Picture Neil Diamond as an aging indie rocker, drowning in sorrow, self-hatred, and Jack Daniel's. Picture "Coming to America" reinvented as a touching ode to alcohol-inflicted suicide. Picture Tom Waits (drunk himself) singing at Diamond's funeral. You get the idea. Crooked Fingers, a group fronted by former Archers of Loaf frontman Eric Bachmann, specializes in somber Waitsian tales of drunks and prostitutes and cigarette-smoking women who set themselves on fire and burn to a crisp because they just don't care.

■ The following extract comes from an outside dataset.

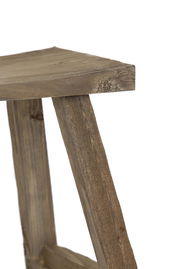 Nahaufnahme eines rustikalen Holz-Hockers aus seitlicher Perspektive, der die natürliche Maserung und Struktur des Holzes zeigt.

With his whiskey-soaked voice backed by a thin-sounding fingerpicked electric guitar, Bachmann sells self-explanatory tales of woe like "She Spread Her Legs and Flew Away" with Springsteen-like conviction. He even manages a great impression of the Boss on the recent
Nebraska tribute, lending that trademark resignation to "Mansion on the Hill." With a new album,
Bring on the Snakes, and a tour to help sell it, you've still got to wonder if Bachmann can pull off the dead-on-his-feet singer-songwriter shtick for a live crowd with a live band. Lord only knows. But teeth-clenching ballads like "Juliette" should justify the price of admission in any format, even if Bachmann himself is three sheets to the wind and already smoldering.